Introducing fees can guide submitters to refer to appropriate transactions, reduce their costs by referring to proper transactions, and enable the DAG to expand and enhance blockchain security. In our experiment, the arrival of a trade to the blockchain was modeled using the standard method of the Poisson process. This set the transaction rate to a fixed value of λ. The relationship between the sum of obtained transaction references and the number of citations, as well as the number of transactions contained in the current block, was assessed.

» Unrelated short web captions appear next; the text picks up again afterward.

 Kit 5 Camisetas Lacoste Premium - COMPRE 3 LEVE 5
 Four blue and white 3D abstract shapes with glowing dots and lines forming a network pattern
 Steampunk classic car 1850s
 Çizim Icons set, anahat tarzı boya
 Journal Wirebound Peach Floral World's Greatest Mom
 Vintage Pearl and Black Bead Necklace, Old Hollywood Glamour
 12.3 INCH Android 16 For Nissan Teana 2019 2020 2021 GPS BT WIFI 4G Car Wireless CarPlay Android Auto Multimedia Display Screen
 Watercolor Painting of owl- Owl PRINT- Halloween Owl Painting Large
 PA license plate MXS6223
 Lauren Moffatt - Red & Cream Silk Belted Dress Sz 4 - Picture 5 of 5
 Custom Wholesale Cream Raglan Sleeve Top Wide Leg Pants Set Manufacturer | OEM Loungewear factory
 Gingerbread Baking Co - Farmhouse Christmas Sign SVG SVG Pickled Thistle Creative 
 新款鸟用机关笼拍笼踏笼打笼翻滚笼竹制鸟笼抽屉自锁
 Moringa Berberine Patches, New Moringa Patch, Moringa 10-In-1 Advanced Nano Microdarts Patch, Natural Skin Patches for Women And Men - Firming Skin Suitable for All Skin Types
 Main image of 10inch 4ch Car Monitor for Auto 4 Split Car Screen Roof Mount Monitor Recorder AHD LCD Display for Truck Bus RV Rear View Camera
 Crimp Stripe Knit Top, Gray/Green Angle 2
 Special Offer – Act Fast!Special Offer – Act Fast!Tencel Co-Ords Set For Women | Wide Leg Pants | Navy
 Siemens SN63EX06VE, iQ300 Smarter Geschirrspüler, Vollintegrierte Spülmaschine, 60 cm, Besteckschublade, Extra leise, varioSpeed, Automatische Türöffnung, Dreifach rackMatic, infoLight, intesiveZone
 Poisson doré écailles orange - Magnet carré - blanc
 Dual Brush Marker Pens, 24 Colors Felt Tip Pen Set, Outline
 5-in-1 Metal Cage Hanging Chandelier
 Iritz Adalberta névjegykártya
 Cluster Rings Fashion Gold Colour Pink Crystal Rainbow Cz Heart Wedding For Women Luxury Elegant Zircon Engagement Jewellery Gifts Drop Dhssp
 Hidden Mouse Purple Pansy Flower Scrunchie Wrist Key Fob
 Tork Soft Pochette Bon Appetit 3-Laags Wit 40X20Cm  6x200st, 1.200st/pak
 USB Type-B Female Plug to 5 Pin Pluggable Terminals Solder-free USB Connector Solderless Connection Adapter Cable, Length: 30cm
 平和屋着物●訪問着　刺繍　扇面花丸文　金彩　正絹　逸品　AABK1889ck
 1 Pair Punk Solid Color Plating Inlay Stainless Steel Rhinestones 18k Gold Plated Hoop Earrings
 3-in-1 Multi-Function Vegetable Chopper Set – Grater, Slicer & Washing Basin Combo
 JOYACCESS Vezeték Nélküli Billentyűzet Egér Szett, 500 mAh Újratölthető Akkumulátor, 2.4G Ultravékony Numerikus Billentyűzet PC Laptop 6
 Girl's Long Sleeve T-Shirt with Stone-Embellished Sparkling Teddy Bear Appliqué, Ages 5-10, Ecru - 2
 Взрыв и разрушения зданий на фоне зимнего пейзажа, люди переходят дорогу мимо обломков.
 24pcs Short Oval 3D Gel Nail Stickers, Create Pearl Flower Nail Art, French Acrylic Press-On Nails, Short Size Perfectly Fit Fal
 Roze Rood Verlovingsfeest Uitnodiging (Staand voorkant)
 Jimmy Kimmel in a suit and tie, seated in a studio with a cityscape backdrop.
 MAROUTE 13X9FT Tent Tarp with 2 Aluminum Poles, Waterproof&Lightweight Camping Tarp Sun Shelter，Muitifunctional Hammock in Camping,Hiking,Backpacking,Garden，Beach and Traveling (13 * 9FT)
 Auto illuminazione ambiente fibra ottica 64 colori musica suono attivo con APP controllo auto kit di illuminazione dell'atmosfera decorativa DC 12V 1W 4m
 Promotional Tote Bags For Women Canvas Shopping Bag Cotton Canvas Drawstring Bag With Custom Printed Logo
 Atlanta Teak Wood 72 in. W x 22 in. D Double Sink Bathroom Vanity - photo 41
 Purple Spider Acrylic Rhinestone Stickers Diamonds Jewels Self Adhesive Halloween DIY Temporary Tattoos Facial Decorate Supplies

Figure 12 shows the ratio of the total number of quoted transactions and quoted transactions of each exchange in 1000 blocks to the total number of all transactions contained in the block. With an increase in the number of transactions, the number of quoted transactions of each transaction accounted for an increasing proportion of the total number of transactions in the block. The number of unacknowledged transactions at the end of the DAG fluctuated around a constant. Thus, the appropriate trades were referenced by most exchanges while ensuring that the directed acyclic graph formed between transactions had extended.

5. Conclusions

By modifying the Ethereum client, a data structure based on an H-DAG and the overall architecture of the blockchain, encryption technology, and consensus mechanisms were realized. The performance and safety of the H-DAG were verified by theories and experiments. The results demonstrated that the H-DAG realized the confirmation of a transaction order while maintaining the high-throughput characteristics of a DAG distributed ledger. The anti-fork ability of the blockchain was improved, the transaction order dependence problem in blockchain smart contracts was solved, and the anti-double-blossom and anti-private-mining abilities were improved. In the network, the ratio of the computing power of the light node to all miners was 1:3. The computing power ratio of the attack node to the honest node was 3:7. The success rate of a forking attack after six blocks was 0.027%, significantly lower than the success rate of 0.13% for a Bitcoin blockchain attack (Table 2). This proved that the H-DAG dramatically improved security compared with a traditional blockchain.